Disaster-Mapping: Let’s Start Pulling the Pins Now

by Fred First

The car won’t start and the milk you poured on your cereal this morning went south. The kids have the flu and the cat is having more kittens in the washroom. You think you got troubles, brothers and sisters? Just browse over to The Emergency and Disaster Information Services (EDIS). Your local, personal, tea-pot tempest will seem far more survivable, given the fact that volcanoes and earthquakes, floods and wildfires are more consequential molehills than your mismatched socks.

This highly-informative web site integrates a Google-Earth-based map of the world with tables listing and categorizing world wide “events’ of natural and man-made disaster–always a good way to gain an “it could always be worse” perspective. At first glance, it might just seem like ambulance chasing from the comfort of your ergonomic office chair.

Look. There was a “nuclear incident” on the shore of Lake Michigan over the weekend. No cause for alarm, folks, nothing to see here, be on your way. It was an electrical cable issue, nothing to do with radioactive stuff, they say. Homer Simpson is alive and well and does not glow in the dark.

Ah…let’s look at volcanoes and such. The super-volcanic Yellowstone Caldera (Wyoming)  ranks 8 out of 8 on the “explosivity index.” This is no joke. The map description explains that just one eruption of the many in the past few million years produced 2,500 times as much ash as the 1980 Mount St. Helens eruption.
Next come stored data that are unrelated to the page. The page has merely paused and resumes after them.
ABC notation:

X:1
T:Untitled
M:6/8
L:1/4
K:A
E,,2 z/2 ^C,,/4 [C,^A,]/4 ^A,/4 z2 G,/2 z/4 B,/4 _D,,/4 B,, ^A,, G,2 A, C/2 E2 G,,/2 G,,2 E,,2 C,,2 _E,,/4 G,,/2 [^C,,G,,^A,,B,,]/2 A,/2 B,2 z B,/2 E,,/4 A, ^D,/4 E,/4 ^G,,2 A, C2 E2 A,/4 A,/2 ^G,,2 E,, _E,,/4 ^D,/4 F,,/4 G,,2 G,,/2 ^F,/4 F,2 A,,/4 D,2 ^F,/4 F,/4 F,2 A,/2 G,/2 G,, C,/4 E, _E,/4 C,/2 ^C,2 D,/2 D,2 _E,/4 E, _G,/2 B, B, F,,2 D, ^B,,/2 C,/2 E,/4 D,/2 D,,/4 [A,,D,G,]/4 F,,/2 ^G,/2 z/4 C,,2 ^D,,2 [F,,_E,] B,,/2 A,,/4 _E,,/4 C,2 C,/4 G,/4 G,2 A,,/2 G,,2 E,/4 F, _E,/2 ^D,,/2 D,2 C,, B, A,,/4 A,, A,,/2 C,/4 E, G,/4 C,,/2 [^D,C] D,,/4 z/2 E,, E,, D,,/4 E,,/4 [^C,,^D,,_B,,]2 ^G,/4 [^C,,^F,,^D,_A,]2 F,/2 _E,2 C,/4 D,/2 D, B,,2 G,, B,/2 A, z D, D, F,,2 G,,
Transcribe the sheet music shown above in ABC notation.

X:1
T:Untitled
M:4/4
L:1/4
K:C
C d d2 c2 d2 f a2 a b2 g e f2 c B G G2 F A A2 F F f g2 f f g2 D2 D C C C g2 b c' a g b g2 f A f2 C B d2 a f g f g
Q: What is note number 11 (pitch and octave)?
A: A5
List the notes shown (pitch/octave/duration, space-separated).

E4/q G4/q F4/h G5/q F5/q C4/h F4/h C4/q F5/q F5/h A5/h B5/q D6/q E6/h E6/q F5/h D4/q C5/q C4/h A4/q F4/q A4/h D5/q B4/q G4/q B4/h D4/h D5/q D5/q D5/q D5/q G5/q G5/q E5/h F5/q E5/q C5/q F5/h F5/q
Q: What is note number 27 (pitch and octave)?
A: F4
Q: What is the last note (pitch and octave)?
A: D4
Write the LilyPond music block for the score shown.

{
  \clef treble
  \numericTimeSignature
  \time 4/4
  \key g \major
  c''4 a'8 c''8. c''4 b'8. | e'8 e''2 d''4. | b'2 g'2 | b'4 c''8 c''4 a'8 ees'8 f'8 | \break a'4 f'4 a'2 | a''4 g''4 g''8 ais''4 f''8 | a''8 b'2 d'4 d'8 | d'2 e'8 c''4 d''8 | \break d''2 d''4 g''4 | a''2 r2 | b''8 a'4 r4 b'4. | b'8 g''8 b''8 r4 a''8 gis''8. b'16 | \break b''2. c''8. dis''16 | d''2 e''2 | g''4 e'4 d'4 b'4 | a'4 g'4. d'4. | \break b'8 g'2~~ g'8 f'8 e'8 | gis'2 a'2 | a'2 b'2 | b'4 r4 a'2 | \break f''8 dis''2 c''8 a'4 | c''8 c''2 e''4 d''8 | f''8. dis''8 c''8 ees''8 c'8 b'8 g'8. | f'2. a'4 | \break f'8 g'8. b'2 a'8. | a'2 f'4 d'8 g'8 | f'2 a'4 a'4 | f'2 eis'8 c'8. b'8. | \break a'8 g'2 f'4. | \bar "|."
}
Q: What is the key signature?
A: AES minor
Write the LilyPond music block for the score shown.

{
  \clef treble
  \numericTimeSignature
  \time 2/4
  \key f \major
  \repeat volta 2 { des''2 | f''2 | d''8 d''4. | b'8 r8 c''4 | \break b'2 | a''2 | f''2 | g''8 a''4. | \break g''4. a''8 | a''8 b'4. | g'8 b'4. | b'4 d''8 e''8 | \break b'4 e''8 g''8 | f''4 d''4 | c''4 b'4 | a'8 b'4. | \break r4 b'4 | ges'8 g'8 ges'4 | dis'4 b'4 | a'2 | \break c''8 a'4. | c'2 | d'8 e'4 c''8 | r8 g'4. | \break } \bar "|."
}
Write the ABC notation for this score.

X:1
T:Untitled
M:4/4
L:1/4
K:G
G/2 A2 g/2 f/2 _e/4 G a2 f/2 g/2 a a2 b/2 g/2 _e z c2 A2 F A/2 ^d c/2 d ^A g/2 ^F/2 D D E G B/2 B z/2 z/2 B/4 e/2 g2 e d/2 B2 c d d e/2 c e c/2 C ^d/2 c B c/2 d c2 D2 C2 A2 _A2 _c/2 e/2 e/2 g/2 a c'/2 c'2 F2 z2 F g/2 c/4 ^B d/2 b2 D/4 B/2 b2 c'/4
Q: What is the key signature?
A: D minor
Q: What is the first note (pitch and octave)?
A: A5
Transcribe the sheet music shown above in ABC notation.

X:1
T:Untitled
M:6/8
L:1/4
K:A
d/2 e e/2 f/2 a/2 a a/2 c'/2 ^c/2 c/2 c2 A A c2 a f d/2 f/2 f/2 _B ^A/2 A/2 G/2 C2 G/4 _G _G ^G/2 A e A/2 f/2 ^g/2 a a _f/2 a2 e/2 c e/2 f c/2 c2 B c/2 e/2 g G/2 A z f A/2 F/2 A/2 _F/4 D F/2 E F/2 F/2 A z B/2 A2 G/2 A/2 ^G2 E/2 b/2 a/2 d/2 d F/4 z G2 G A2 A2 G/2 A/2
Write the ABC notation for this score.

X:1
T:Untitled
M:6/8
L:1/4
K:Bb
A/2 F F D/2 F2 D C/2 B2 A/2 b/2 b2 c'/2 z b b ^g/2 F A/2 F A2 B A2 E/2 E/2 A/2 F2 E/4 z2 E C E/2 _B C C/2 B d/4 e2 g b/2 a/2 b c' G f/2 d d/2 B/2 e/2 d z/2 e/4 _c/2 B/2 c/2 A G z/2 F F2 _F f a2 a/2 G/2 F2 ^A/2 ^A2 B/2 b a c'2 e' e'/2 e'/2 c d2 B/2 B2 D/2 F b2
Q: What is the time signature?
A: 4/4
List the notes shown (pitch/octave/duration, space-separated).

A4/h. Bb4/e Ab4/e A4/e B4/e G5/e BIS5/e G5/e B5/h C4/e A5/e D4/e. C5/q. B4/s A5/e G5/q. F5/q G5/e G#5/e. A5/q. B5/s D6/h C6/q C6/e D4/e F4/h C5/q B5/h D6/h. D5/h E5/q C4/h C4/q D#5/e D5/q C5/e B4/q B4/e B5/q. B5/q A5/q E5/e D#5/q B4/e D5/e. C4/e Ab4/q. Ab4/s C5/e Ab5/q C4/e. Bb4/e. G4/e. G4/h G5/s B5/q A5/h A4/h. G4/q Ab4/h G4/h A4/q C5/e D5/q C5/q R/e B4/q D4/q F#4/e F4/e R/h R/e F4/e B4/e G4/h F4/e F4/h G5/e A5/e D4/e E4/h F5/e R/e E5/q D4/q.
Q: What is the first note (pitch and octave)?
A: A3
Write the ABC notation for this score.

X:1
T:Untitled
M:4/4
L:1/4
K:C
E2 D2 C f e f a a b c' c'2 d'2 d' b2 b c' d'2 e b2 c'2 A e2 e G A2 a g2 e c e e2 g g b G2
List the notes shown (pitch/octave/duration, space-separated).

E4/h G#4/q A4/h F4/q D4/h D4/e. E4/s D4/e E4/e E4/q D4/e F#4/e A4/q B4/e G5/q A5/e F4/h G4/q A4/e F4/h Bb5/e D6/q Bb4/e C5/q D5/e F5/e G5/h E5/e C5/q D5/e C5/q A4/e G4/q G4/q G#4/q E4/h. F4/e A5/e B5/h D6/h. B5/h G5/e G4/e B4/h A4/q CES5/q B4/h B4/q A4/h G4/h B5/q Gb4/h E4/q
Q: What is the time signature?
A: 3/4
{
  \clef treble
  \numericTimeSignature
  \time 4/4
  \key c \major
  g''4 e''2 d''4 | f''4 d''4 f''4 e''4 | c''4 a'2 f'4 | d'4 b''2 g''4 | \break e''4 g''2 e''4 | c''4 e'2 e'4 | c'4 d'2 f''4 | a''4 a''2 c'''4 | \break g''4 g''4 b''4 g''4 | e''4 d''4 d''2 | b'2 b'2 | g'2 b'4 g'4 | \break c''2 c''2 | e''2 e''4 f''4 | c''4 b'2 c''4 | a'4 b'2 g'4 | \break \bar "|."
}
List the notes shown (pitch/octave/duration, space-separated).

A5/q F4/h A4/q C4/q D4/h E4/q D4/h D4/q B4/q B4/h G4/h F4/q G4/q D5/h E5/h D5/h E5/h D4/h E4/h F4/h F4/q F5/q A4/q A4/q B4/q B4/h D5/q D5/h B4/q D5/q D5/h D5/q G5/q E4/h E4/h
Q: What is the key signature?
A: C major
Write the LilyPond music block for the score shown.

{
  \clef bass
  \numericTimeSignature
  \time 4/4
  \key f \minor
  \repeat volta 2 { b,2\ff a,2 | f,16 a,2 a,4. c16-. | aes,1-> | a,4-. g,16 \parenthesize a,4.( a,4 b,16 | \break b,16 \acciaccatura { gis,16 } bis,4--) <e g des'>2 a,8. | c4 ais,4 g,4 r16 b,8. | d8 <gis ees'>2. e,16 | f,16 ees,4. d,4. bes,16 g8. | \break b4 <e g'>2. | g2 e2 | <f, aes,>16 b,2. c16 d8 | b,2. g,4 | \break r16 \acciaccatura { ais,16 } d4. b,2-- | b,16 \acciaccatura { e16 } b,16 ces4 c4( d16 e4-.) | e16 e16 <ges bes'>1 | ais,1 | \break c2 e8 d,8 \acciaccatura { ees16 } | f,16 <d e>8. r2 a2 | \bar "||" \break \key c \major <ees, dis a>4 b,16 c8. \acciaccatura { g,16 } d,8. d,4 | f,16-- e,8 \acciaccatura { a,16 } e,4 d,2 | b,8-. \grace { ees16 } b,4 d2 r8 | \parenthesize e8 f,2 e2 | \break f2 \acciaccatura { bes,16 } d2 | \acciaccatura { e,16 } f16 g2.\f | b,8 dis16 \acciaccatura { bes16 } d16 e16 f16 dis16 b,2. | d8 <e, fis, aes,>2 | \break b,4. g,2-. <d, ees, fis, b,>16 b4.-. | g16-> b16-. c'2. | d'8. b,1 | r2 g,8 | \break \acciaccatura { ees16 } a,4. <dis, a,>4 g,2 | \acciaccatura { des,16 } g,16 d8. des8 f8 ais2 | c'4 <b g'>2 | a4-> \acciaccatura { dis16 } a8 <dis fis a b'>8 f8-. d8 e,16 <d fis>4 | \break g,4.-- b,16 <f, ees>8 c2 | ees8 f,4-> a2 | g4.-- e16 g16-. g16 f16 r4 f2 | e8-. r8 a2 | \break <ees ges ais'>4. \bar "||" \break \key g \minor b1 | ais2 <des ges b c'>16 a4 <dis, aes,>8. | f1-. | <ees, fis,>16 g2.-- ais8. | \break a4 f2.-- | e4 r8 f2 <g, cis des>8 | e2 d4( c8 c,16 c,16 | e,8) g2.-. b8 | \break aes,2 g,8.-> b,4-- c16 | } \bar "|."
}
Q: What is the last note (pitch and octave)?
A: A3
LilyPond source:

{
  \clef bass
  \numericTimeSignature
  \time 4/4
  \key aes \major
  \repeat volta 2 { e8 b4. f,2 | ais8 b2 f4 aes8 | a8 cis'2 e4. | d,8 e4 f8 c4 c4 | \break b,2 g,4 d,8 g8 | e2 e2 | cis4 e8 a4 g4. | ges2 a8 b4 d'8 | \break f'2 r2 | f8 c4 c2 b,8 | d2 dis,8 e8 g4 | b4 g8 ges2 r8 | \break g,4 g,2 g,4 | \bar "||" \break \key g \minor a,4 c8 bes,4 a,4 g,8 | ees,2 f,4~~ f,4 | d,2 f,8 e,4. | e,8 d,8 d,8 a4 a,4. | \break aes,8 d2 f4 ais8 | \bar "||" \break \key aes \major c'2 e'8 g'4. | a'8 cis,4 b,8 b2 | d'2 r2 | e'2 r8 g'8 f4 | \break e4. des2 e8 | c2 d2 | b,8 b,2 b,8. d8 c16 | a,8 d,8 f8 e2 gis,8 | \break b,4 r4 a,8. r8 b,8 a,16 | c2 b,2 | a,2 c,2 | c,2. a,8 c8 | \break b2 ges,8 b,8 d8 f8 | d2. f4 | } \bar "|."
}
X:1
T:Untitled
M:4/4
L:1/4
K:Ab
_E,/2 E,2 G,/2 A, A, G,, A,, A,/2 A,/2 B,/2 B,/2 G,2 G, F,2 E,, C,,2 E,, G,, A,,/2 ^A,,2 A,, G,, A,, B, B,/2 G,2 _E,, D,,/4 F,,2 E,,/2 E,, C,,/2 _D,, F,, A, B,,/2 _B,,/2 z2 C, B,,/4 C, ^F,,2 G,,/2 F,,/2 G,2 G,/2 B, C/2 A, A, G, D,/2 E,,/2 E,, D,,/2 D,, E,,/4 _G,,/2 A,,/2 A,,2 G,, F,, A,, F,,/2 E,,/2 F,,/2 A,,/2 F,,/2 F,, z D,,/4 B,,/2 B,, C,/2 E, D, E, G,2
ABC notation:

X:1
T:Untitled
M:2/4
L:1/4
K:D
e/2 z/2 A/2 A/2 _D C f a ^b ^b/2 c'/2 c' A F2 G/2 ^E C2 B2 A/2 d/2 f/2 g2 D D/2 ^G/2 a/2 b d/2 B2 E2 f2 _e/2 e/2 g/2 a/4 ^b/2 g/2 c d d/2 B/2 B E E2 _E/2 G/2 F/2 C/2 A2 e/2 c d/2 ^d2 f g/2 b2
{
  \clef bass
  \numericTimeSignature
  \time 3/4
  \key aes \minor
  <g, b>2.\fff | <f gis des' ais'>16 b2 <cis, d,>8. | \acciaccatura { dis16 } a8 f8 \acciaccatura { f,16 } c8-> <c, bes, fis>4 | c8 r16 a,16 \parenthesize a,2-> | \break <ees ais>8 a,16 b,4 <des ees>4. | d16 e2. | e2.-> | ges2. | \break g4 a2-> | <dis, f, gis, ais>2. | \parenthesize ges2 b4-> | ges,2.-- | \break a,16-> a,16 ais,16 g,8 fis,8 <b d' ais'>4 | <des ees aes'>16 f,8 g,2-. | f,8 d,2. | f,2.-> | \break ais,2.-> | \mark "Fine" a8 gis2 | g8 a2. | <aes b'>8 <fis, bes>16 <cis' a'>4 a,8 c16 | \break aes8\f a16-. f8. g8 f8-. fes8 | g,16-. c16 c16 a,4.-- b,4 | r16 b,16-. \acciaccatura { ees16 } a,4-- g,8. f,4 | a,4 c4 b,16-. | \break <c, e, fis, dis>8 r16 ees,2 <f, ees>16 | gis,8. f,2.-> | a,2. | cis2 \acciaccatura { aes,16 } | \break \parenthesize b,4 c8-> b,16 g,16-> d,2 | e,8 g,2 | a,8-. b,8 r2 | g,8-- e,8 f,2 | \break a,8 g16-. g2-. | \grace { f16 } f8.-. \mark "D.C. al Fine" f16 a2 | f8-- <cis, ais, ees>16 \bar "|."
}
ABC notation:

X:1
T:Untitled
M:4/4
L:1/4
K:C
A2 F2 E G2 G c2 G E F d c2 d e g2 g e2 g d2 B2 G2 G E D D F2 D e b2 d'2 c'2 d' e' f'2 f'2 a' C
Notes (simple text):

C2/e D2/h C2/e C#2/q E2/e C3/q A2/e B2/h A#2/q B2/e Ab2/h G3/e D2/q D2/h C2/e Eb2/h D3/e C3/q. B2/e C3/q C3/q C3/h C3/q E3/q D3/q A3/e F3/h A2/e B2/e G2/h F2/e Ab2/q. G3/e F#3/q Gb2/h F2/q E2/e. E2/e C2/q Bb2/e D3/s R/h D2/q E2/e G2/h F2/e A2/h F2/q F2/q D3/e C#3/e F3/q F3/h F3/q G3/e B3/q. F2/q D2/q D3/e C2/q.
The enormous dome has risen three inches each of the past three years. Here’s another good reason for my daughter to bring her family from SD to NC. Listening, girlie? (She’ll only remind me about the hurricanes they never have in SD.)

But this map is a serious tool, a lens that shows more than we could otherwise comprehend of planetary purturbations. Among the most serious human stories as I scan the globe this morning are the floods pinned on the EDIS world map, most notably perhaps, the 15 inches of rain on Queensland, Australia in January alone. Flooding and mudslides are extremely serious in Brazil, Malaysia, The Philippines and Saudi Arabia. Saudi Arabia?

To learn more about any given event, click the little information “i” to the right of the row, and from the window that opens, click “description” to learn about the hanta virus cases in New Mexico or the higher-than-normal incidence of spinal meningitis or measles in New York.

This is a great resource for the globally curious citizen—a kind of accident report and health check at a glance. See for instance the category called “Mass Death of Animals.” Think of this as the Canary in the Cage section. There are more than 25 entries here, just in 2011, including all the thousands of birds that died inexplicably in several places around New Years. Some experts blamed fireworks; others are not so sure.

In the abstract, scanning a disaster map of somebody else’s problems can be a false comfort. Nope, no map pins anywhere in five hundred miles of us this morning, nothing to be concerned about here, back to what you were doing, biz as usual.

But stand far off in space and monitor the globe’s chills and fevers and consider: given the current trends in planetary climate shift plus the growing appetites of a busting-at-the-seams human population, are we likely to look at this map in one, five and twenty years and increasingly see events—famines and displacement, droughts, wildfires, floods, sea level change—that are not just nature taking its course? More and more, mankind’s actions or inactions will put pins on this map. And we have no other Earth to go to.

Leave space and the abstract. Go down to the ground. Look around; and look ahead. Lean into the hard truth of human suffering signified by each colorful map pin. By our choices, by our commitment and foresight now, could we reduce the disease and chaos, hunger and thirst, pain and privation of future emergency and disaster?

Volcanoes, earthquakes and tsunamis, as the insurance company describes them,  may be Acts of God. We can only prepare for them. But the Acts of Man should not put pins on this map. I think about that, and wonder what the EDIS map will look like when my kids are my age. For their sakes, I’d love to imagine it boring and empty. But wishing will not make it so.